* **What is needed**: Every line below that contains the word "Women" must be copied.

[Records to use Boundary: Start]

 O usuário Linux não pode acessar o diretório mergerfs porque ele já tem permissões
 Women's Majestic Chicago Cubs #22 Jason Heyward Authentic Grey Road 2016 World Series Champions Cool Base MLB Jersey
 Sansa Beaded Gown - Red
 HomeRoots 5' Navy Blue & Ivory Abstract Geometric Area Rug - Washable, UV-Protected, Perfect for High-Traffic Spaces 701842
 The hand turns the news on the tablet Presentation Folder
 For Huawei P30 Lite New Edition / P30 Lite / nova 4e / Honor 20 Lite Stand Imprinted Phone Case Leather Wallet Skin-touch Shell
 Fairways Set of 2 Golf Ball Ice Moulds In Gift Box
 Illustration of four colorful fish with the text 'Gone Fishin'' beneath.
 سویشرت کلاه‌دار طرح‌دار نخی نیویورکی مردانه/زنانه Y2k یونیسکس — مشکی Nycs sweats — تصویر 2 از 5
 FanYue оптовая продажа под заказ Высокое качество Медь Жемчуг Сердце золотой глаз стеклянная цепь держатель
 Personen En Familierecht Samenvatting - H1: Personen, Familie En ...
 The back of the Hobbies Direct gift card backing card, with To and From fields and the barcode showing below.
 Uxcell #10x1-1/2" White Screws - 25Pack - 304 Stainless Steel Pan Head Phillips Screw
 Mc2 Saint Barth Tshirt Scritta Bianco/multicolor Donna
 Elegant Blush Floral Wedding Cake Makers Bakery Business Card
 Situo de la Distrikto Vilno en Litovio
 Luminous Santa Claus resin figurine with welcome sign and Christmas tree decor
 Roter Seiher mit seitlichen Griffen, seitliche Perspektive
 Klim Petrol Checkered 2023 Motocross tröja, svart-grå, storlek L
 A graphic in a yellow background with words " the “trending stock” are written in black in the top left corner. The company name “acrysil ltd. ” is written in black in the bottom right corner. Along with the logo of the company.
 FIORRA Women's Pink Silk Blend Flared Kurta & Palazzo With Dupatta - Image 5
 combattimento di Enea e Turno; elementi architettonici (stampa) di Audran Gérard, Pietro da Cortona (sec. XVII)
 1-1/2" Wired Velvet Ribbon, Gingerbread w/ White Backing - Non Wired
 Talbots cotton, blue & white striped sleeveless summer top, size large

[Records to use Boundary: End]

* **Task solution**:
 Women's Majestic Chicago Cubs #22 Jason Heyward Authentic Grey Road 2016 World Series Champions Cool Base MLB Jersey
 FIORRA Women's Pink Silk Blend Flared Kurta & Palazzo With Dupatta - Image 5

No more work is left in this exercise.